Réunion du 18 janvier 2011 à 21h30
Garde à vue — Discussion générale

Photo issue du site de l'Assemblée nationale ou de WikipediaAndré Vallini :

Madame la présidente, monsieur le garde des sceaux, monsieur le rapporteur, mes chers collègues, le 25 mars dernier, m'adressant de cette tribune à Michèle Alliot-Marie, je déclarais : « À différer sans cesse la réforme de la garde à vue, la France est, à notre grande honte, de plus en plus souvent condamnée par la Cour de Strasbourg. »

Aujourd'hui, monsieur le ministre, c'est donc sous la contrainte que vous êtes dans l'obligation de légiférer enfin. Mais hélas, comme l'a excellemment démontré cet après-midi Dominique Raimbourg, vous le faites a minima, avec une réforme décevante. Peut-être les débats parlementaires pourront-ils l'enrichir, mais je veux, pour ma part, évoquer quelques affaires qui jalonnent notre histoire pénale et nous rappellent que la garde à vue est une phase cruciale du procès pénal et qu'elle peut conduire aux pires erreurs judiciaires.

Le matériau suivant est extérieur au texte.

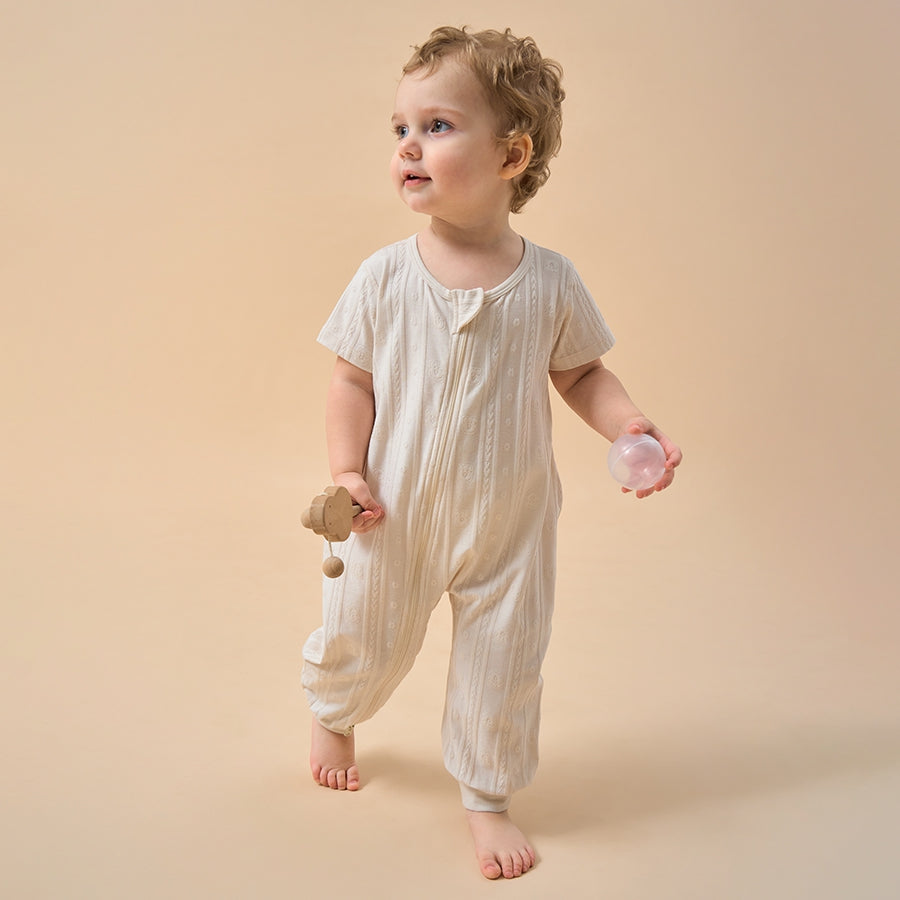 Baby Modal Zipper Pajamas Soft Sleepwear - Light Brown - alternate view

En 1949, Jean Dehays, docker à Pornic, est accusé d'avoir assassiné un vieillard. Il reconnaît les faits lors d'une garde à vue dans les locaux de la gendarmerie, mais se rétracte dès le lendemain. Le 9 décembre, la Cour d'assises de Loire-Atlantique le condamne à vingt ans de travaux forcés. En 1952, trois ans plus tard, une dispute dans un café permet à la police de découvrir les véritables auteurs du crime. Rejugé, Jean Dehays, surnommé « le bagnard innocent », est acquitté. Il aura passé six ans en prison.

C'est ensuite l'affaire Deveaux. En 1961, à Bron, près de Lyon, une petite fille de neuf ans est trouvée morte dans une cave ; elle a été frappée de plusieurs coups de couteau avant d'être égorgée. Le jeune apprenti boucher de ses parents, Jean-Marie Deveaux, est aussitôt soupçonné par la police. Il n'a pas d'alibi, ne sait pas se défendre, il s'embrouille, se contredit, Au bout de plusieurs heures d'interrogatoire en garde à vue il avoue, mais se rétracte quelques jours plus tard, Il est condamné à vingt ans de réclusion. Après trois pourvois en cassation, Jean-Marie Deveaux est acquitté le 27 septembre 1969. Il a passé huit ans en prison.

En 1987, Patrick Dils passe aux aveux au bout de 48 heures de garde à vue pour le meurtre de deux enfants tués à coups de pierre. Il est condamné à a réclusion criminelle à perpétuité. Interrogé sur la raison pour laquelle il a avoué et réitéré ses aveux, Patrick Dils dit qu'il s'est retrouvé « dans un univers qu'il ne connaissait pas, avec des gens qui voulaient à tout prix entendre certaines choses ». Il affirme en outre que ses aveux ont été suggérés par les enquêteurs, qu'il était « tout seul, sans personne pour le conseiller ». Le 24 avril 2002, la justice reconnaît son erreur et annule la condamnation. Patrick Dils a passé 15 ans en prison.